= Mahmoud Mohamed Shaker =

Egyptian writer and scholar (1909–1997)

Mahmoud Mohamed Shaker (Note: محمود محمد شاكر) (1 February 1909 – 7 August 1997), also known by his kunya Abu Fihr, (Note: أبو فِهر) was an Egyptian writer, poet, journalist and scholar of the Arabic language and Islamic culture heritage.

==Early life==
Shaker was born on 1 February 1909 in Alexandria, and died on 7 August 1997 in Cairo.

==Career==
His thoughts and writings were based on the originality of the Arabic culture.

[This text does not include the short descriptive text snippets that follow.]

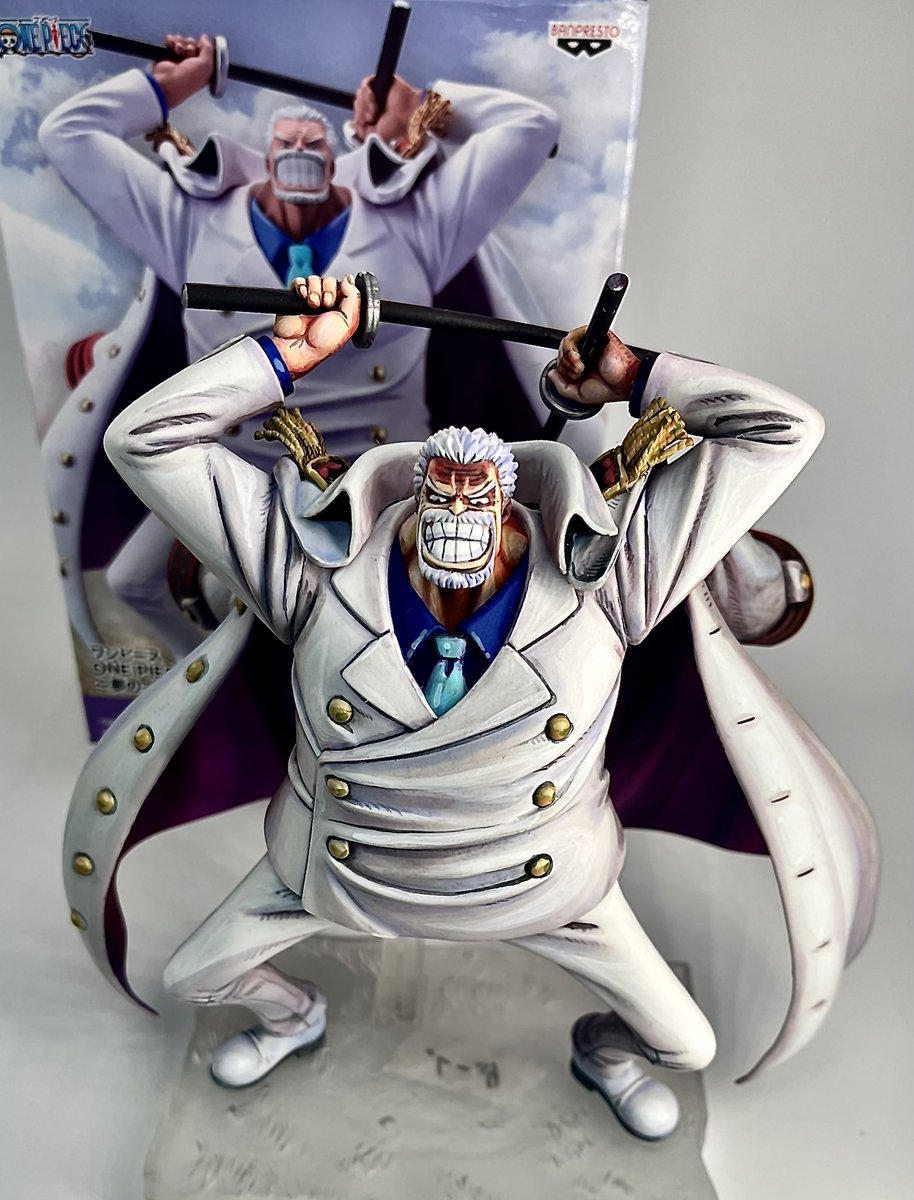 factoryk_k's tweet photo. 【ワンピース】🎨フィギュアリペイント🖌️
新作リペイント😊✨
今回は扉絵再現リペイント‼️
小物も塗装完了😊💕
いよいよ完成間近‼️あとはジオラマ台座のみ‼️
【ガープ】
#ワンピース
#フィギュア
#リペイント
#扉絵
#水彩画
#二次元
#ルフィー
#エース
#サボ
#ガープ https://t.co/r4oXJghACd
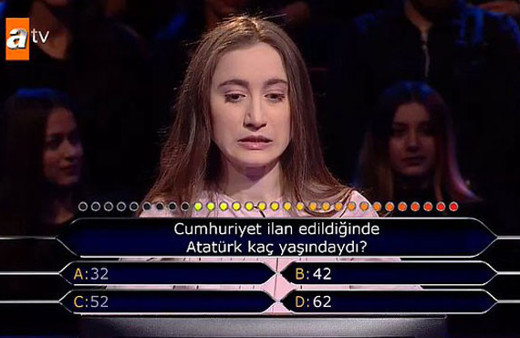Kim Milyoner Olmak İster'de Atatürk sorusuna joker kullanan yarışmacı şoke etti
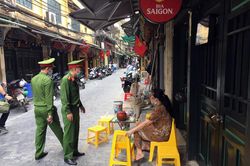 Theo chân cảnh sát đi tuần, phạt người không đeo khẩu trang nơi công cộng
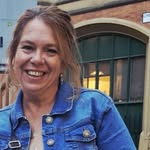 Helen Dodd - @betsycollings2 - Instagram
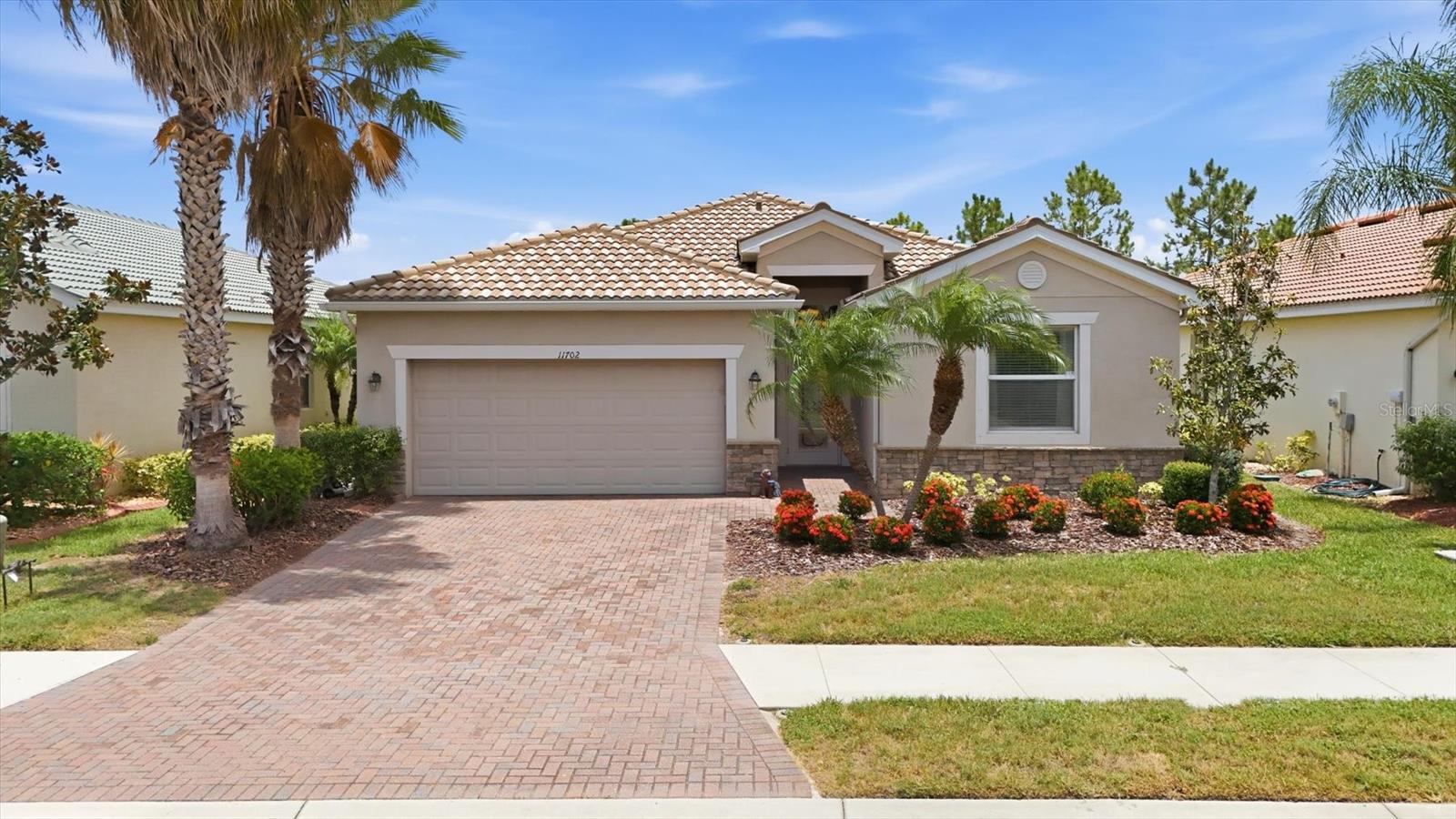 STONEYBROOK AT VENICE - Residential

He wrote many books on Arabic language and culture including: A Message on The Way of Our Culture (Resala Fel Tarik Ela Thakafatena رسالة في الطريق إلى ثقافتنا), Al-Mutanabi المتنبي, Untruths and Tales (Abateel wa Asmaar أباطيل وأسمار), The Virgin Sagittarius ( Al-Qaws Al-AZraa القوس العذر. Most of his articles, which were published in different journals and magazines, were collected by professor Adel Solaiman Gamal in one book of 2 volumes titled: Jamharat Al-Maqalaat جمهرة المقالات . He was also known for his polemical blog.